WORK ORDER: Find, in the records below, the line that contains "Centralita Motor Uce" and the line that contains "Second Life Ranker Chapter 195 Gambar 29". Copy those two lines and everything between them exactly, but not the pictures.

MATERIAL FOR THIS EXERCISE:
● ● ● ● ● ● ●

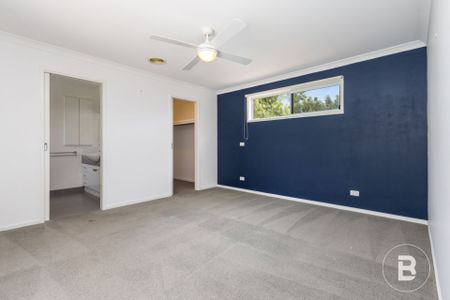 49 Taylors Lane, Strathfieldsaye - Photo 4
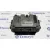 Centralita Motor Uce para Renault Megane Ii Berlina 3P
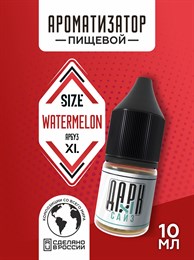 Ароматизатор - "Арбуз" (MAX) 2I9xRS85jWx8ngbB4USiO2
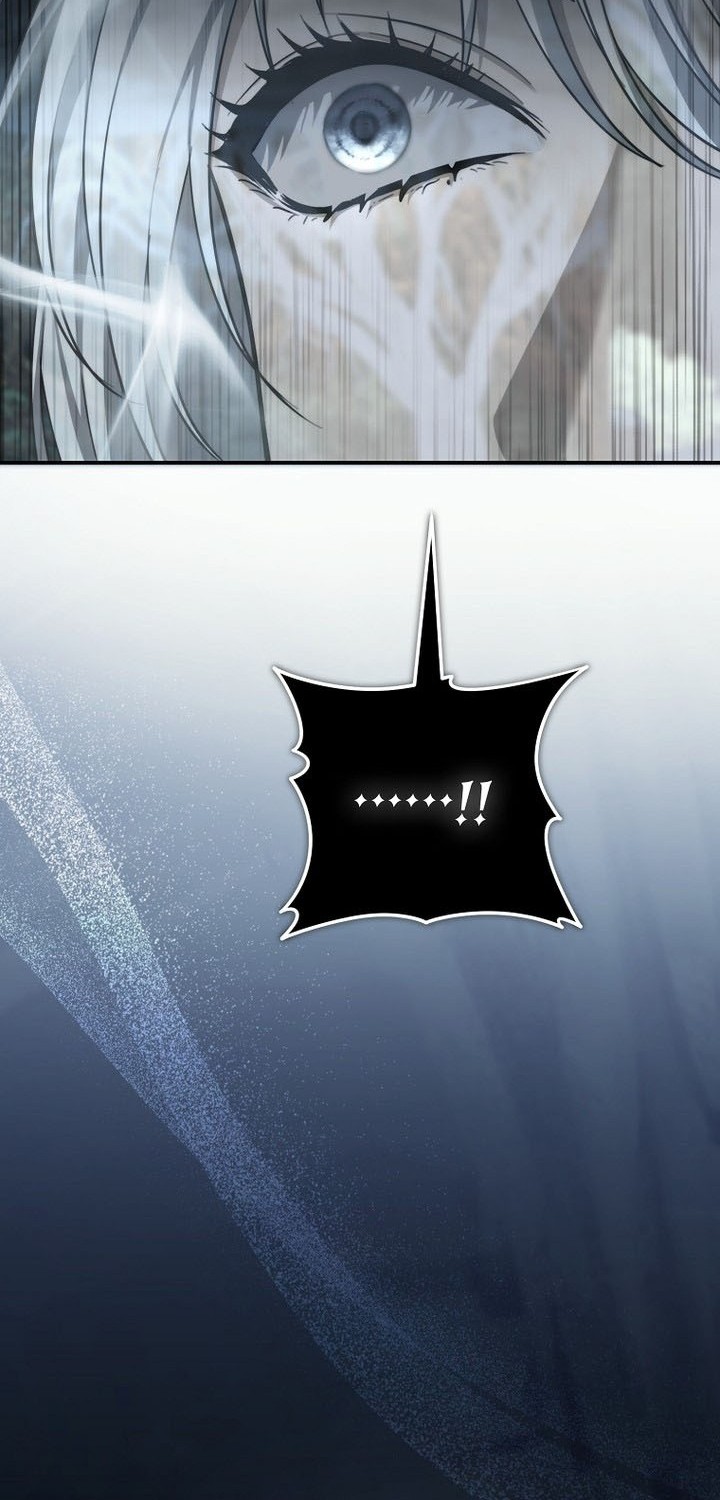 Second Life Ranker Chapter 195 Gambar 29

● ● ● ● ● ● ●

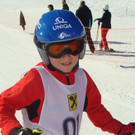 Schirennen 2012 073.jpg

● ● ● ● ● ● ●

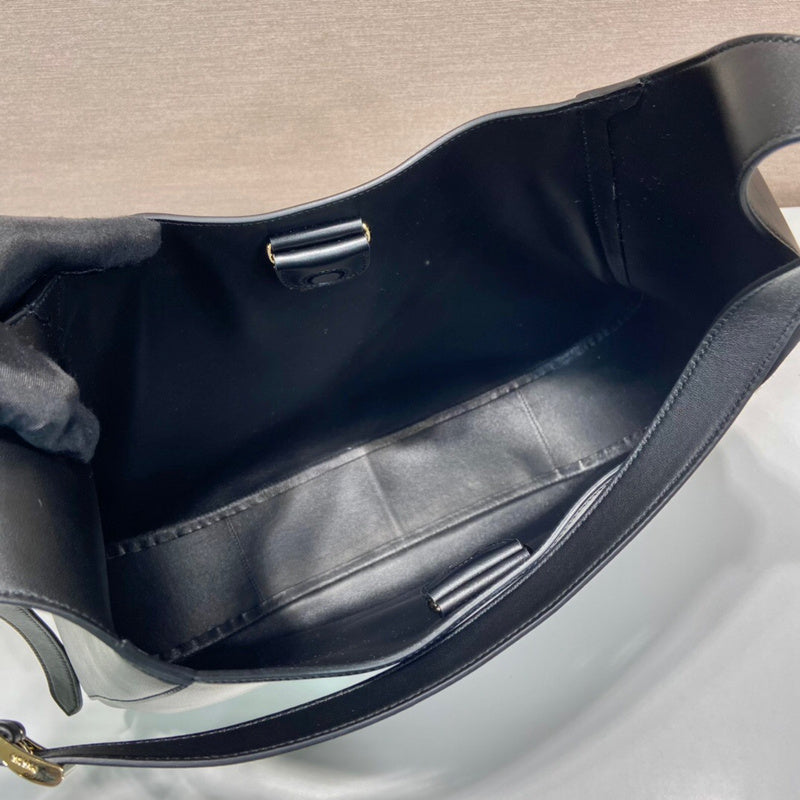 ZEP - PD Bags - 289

● ● ● ● ● ● ●

SOLUTION TO THE EXERCISE:
 Centralita Motor Uce para Renault Megane Ii Berlina 3P
 Ароматизатор - "Арбуз" (MAX) 2I9xRS85jWx8ngbB4USiO2
 Second Life Ranker Chapter 195 Gambar 29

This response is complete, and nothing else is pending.